- Action item -
Please reproduce the lines from the one containing "ANTIQUE SILVER PLATED" through the end of the data below exactly as they stand, and omit all pictures.

- Data below -
——————

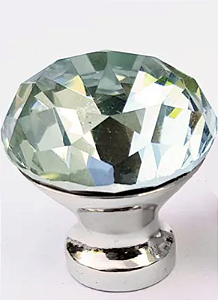 PUXADOR CRISTAL SHINE 30MM BASE CROMADA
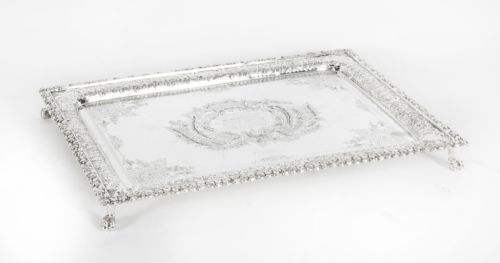 ANTIQUE SILVER PLATED SALVER BY FENTON RUSSEL C1880 19TH C - ADDITIONAL PHOTO 11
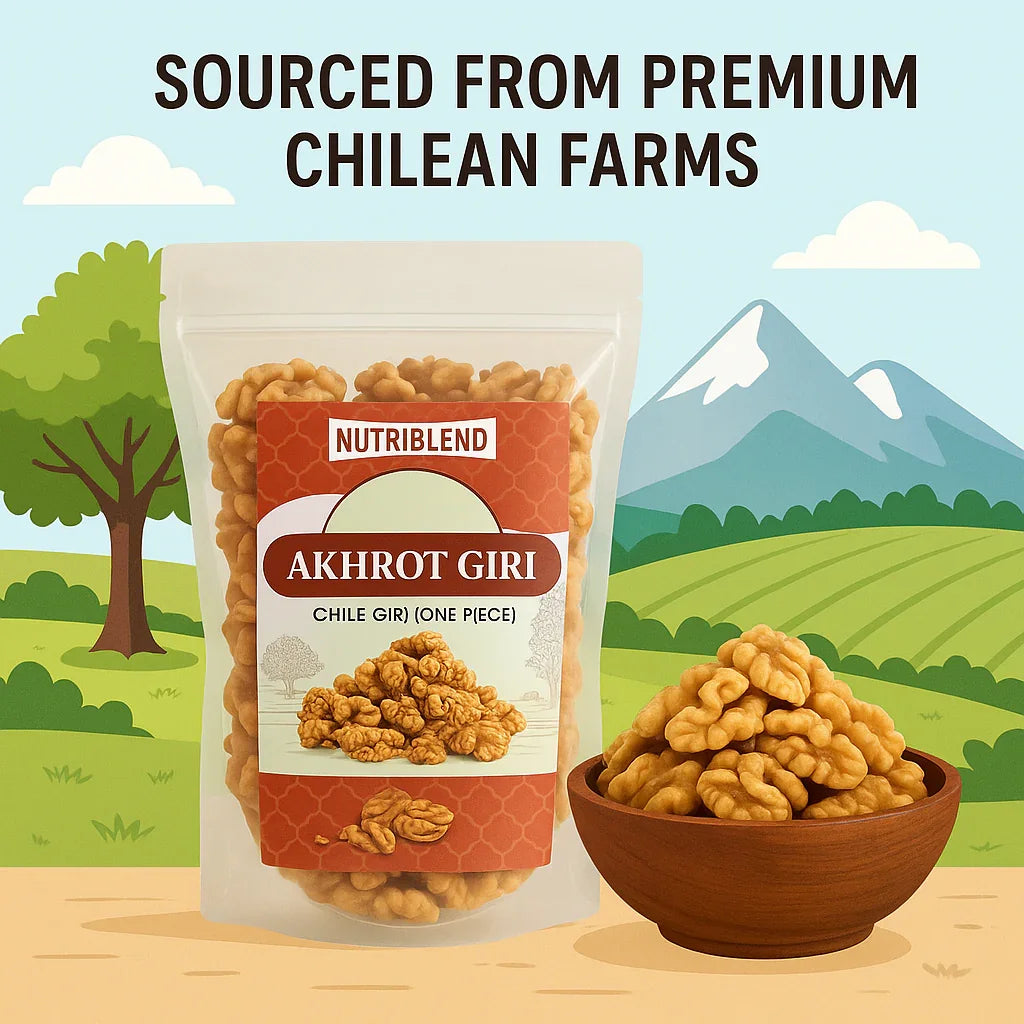 Premium Chile Walnut Kernels 200g | Shelled Akhroat Giri | Omega-3 Rich Superfood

——————

- Exercise response -
 ANTIQUE SILVER PLATED SALVER BY FENTON RUSSEL C1880 19TH C - ADDITIONAL PHOTO 11
 Premium Chile Walnut Kernels 200g | Shelled Akhroat Giri | Omega-3 Rich Superfood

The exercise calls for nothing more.